The patent holder and his lawyer made it plain: license the patent, or suffer the consequences. And with a large cash reserve the patent holder proceeded under threat of litigation to bend the market into obedience. Some smart firms with large mobile businesses jumped to the front of the queue and negotiated a cheap license. Some saw the patent as an opportunity and became OEMs for the “technology”. Still others decided to oppose the patent at the EPO and went to look for specialists to help them.
And some firms, like the one in this story, looked at the patent licensing terms, the already high costs of doing business in this market, and the growing threat of litigation, and decided that the risks were greater than the benefits. After two and a half years and enough investment to pay for ten years of EUPACO events, the firm shut down its mobile products, fired the sales team, and put the developers onto other work.
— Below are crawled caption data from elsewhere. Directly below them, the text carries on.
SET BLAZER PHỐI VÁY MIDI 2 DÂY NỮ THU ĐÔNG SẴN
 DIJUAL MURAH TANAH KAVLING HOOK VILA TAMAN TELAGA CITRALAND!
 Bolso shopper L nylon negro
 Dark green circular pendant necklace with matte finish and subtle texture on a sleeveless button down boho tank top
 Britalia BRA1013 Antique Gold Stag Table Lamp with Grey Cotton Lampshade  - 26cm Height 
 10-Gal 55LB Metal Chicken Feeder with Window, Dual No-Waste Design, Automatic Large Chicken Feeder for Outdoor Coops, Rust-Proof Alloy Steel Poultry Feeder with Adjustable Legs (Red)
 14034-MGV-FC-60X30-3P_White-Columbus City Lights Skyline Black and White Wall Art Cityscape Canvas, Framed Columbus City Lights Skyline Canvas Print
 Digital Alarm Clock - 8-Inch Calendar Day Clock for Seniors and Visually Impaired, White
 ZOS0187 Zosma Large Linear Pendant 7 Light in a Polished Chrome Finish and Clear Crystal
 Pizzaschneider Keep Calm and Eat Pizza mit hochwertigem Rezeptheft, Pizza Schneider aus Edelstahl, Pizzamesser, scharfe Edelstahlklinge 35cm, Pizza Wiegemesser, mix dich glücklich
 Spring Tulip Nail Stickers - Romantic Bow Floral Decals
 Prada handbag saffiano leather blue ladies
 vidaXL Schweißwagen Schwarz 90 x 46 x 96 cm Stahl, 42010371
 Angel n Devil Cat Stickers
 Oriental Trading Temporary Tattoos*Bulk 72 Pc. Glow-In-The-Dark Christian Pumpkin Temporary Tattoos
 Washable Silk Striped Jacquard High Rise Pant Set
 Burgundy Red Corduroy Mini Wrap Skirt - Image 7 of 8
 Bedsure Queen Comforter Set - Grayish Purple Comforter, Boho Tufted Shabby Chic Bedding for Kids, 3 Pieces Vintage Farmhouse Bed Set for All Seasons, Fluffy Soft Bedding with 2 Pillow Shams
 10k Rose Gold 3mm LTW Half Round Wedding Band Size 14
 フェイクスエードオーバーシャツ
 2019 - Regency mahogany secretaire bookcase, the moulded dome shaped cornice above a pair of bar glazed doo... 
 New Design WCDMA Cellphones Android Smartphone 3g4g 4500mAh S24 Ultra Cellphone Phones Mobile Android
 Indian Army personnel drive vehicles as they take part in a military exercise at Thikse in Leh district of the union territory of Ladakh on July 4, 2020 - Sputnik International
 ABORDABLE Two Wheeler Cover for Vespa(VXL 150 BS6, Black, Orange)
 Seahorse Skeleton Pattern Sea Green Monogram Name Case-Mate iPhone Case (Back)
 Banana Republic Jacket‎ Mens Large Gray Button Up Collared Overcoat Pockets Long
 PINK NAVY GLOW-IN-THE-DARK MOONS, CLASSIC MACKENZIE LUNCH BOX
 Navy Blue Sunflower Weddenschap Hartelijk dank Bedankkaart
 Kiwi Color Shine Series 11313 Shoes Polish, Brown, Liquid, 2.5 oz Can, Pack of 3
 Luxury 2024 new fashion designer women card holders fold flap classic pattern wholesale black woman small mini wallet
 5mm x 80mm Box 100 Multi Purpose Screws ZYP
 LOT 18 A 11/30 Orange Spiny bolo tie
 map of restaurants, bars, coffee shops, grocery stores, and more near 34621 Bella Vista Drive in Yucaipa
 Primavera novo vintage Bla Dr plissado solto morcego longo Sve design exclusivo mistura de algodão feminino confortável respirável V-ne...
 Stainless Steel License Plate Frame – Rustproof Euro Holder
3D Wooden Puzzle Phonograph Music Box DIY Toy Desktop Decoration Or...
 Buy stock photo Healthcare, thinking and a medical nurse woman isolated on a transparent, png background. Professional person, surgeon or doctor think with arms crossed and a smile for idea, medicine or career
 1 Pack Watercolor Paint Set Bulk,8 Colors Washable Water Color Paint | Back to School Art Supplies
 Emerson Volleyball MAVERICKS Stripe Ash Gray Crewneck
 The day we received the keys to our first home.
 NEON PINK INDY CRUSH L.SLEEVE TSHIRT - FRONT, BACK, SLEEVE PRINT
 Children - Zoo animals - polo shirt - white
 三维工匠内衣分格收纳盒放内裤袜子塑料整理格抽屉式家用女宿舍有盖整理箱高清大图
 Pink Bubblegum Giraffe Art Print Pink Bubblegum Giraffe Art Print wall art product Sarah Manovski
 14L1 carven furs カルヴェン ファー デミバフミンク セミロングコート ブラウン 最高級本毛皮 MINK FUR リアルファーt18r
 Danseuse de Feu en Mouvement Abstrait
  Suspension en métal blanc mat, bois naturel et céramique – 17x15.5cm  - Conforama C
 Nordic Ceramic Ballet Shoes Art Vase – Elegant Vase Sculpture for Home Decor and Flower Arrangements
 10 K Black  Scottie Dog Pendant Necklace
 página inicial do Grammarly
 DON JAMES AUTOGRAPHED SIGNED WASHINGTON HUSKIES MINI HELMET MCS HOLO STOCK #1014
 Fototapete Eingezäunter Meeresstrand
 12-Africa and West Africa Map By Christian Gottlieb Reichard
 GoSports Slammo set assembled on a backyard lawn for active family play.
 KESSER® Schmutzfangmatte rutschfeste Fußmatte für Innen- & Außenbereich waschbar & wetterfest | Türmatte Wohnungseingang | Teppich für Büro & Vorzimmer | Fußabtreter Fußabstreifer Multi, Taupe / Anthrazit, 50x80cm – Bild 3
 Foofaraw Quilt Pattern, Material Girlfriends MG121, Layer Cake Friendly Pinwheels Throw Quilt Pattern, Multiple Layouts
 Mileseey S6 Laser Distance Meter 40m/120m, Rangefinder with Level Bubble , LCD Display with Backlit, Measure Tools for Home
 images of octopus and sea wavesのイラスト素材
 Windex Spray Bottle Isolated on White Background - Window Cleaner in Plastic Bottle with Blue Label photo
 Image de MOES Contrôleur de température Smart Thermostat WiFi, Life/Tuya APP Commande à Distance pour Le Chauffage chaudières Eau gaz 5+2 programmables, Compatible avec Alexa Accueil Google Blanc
All that was left was a stack of nice folders and an unwelcome lesson in the power of the patent system. We can read the arguments why patents are needed but this story shows how destructive patents can be, in the hands of people who see markets as things to exploit, not construct. When that market – as in software and in mobile applications and in most high-tech industries – is built by the smallest, most creative, and most fragile firms, who cannot use patents, and yet who cannot opt-out, we get little system failures like this one. These failures don't show on the records, they don't make it into the press. And of course it's impossible to generalise from a sample of one. But my question is: if you were advising that small firm, what would you have told them to do? It seems that there were only two choices: make patents (and become a licensor-of-IP), or make products (and become fair game). The “proper” way (buy patents and make products) is both too expensive, and provides no defense against firms that make patents but not products.
You probably guessed that this was my firm and my team, and it was my painful decision to kill the product we'd put so much into. This story is part of the reason iMatix got involved in the patent debate. For me, the key question is “how can the patent system and little firms that make products live in the same economic universe”. It's a question that underpins the patent system's value in our diverse modern economy driven more and more by micro-businesses. It's a question that policy makers must take with deadly seriousness, and it's a question that I hope EUPACO will help to answer.